The summer 2003 heatwave triggered a record Alpine glacier loss that was three times above the 1980–2000 average (Haeberli et al. 2007), continuing a long-term and accelerating pattern of mass loss (Zemp et al. 2006). Main factors for this remarkable 2003 loss were a smaller snowpack owing to the low springtime precipitation, and melting of firn in the accumulation area of small- and medium-sized glaciers, resulting in an albedo feedback with long-term effects. After the melt of the spring snowcover, the bare glacier surface had a lower albedo, which was additionally decreased owing to deposition of dark, wind-blown dust during the dry summer (Paul et al. 2005; Haeberli et al. 2007; Koboltschnig et al. 2009). In 2003, Austrian glaciers (88 measured) retreated by an average of 23 m and with a maximum distance of 73 m (Patzelt 2004), exposing large, debris-covered areas. According to the long-term glacier mass balance time series (e.g. Vernagtferner in Austria from 1965 to present) the mass balance of 2002/2003 was the most negative on record (CFG 2009).

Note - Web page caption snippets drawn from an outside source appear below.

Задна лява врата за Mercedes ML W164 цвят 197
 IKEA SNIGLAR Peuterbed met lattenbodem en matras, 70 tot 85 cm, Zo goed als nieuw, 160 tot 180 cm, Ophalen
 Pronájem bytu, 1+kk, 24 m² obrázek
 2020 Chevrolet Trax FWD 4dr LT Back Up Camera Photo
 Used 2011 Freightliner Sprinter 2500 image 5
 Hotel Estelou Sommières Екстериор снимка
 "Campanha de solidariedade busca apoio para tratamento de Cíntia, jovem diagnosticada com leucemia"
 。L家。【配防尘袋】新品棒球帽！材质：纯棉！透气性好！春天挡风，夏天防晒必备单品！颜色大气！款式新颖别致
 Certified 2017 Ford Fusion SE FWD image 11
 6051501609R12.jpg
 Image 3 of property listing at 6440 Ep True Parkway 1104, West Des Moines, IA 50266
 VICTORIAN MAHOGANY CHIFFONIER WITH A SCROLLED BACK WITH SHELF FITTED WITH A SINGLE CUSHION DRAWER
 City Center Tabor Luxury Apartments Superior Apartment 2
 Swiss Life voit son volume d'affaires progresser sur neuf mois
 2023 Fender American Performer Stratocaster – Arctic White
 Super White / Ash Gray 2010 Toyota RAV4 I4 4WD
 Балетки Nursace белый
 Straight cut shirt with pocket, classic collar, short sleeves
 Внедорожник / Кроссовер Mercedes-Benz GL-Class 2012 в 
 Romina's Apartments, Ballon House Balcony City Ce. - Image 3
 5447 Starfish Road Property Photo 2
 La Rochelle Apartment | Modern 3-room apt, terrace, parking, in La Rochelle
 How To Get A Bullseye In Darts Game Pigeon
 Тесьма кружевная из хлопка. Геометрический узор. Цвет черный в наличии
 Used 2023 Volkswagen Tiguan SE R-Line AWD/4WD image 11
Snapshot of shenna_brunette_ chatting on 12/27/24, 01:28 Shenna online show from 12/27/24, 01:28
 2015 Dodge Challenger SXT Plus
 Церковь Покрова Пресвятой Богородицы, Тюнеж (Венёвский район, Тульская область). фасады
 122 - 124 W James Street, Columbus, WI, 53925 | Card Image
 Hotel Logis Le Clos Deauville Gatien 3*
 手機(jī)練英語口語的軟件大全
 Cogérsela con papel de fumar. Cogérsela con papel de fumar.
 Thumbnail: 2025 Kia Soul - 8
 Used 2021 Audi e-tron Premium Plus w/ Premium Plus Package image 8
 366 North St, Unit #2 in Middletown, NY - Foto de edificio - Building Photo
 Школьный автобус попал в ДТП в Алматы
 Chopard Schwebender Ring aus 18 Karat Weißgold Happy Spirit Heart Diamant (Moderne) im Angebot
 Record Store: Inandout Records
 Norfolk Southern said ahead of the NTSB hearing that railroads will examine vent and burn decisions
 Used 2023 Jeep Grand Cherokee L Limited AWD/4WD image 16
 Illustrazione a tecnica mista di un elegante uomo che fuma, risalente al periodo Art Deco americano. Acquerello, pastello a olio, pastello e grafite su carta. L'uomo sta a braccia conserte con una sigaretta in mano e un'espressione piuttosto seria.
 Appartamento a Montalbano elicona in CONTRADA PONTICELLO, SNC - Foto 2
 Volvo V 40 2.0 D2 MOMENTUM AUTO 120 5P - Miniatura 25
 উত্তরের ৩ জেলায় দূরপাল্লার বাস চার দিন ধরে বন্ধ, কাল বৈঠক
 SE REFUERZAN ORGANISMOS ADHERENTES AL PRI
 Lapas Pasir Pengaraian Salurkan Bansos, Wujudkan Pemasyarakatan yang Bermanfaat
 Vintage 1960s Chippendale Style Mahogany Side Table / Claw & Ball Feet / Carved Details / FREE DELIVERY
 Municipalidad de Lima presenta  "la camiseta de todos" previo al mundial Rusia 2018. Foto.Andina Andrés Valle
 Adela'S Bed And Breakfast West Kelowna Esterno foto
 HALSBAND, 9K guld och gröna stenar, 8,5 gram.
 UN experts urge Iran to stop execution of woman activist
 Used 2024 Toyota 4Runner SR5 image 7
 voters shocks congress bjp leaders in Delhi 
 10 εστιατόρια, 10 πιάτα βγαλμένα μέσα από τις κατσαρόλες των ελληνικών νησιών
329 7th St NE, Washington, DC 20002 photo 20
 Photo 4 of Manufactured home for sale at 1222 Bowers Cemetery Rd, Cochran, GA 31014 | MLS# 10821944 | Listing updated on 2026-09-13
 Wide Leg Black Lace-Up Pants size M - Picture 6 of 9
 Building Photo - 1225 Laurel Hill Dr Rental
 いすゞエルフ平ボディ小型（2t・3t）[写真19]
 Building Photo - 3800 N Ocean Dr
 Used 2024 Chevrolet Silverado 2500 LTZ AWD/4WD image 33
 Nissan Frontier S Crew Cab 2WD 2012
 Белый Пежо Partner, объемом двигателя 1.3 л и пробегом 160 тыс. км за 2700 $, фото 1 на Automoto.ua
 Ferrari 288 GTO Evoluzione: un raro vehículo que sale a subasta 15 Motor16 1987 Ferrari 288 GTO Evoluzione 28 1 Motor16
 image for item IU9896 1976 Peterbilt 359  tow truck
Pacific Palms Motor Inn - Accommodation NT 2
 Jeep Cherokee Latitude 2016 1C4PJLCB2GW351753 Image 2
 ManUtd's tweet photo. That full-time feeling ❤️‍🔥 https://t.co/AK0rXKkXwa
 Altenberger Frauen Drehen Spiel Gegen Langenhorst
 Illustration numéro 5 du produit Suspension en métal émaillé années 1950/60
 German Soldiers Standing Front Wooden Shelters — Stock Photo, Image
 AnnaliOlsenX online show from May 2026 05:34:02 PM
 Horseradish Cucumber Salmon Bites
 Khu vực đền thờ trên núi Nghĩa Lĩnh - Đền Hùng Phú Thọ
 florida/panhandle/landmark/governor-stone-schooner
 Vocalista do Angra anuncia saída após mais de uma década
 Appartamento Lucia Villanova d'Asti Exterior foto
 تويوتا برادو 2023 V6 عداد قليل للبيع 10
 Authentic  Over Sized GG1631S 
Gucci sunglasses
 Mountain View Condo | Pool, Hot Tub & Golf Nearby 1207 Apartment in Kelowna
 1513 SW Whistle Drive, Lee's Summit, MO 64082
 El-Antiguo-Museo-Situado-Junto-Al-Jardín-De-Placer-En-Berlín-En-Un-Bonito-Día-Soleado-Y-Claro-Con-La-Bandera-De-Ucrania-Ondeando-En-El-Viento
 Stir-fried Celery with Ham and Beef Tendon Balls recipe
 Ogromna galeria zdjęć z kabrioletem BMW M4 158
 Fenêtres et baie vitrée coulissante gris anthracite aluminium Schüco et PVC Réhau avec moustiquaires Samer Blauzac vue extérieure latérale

The response of permafrost temperature and the thickness of the active layer varied considerably in summer 2003 (Harris et al. 2009). In 2003, the active layer of ice-rich frozen debris at Murtèl-Corvatsch in the Swiss Alps was deeper than previously recorded, but the effects of the higher temperature were restricted by greater latent-heat demands (Harris et al. 2009). In contrast, the thaw depth in permafrost on bedrock slopes was twice the average of previous years and indicates a strong coupling between atmospheric and ground temperatures (Gruber et al. 2004). Permafrost degradation set into action by this warming was reflected in increased rock-fall activity throughout the Alps during summer 2003 (Gruber et al. 2004; Fischer et al. 2006). The response of permafrost to the atmospheric warming generally takes place at different scales of time and depth. In particular, localities near the lower elevational limit of the discontinuous permafrost are very sensitive to changes, and respond with a short time lag (of days–months). For example, a large rock-fall event at the elevation of the lower permafrost boundary on the Matterhorn (Switzerland), July 2003, revealed weakened interstitial ice at the back of the rock-fall scar (Nötzli et al. 2004). Large-scale responses to warming permafrost, such as deep-seated slope instabilities, may show a delay of decades or centuries (Gruber et al. 2004; Harris et al. 2009).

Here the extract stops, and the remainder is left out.